(PROBLEM TO WORK ON) Determine how many lines of the data below contain "sweet", then give only that number.

(Web page caption snippets)
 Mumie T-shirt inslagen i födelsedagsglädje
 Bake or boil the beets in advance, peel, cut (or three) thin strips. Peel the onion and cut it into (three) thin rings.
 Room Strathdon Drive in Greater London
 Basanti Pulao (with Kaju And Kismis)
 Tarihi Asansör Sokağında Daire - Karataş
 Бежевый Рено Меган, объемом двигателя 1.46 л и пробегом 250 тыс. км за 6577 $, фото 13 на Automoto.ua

---

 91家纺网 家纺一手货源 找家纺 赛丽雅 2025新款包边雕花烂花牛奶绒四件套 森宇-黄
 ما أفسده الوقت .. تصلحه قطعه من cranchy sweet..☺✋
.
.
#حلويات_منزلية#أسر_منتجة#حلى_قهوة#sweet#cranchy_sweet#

(RESPONSE FOR THIS EXERCISE) 2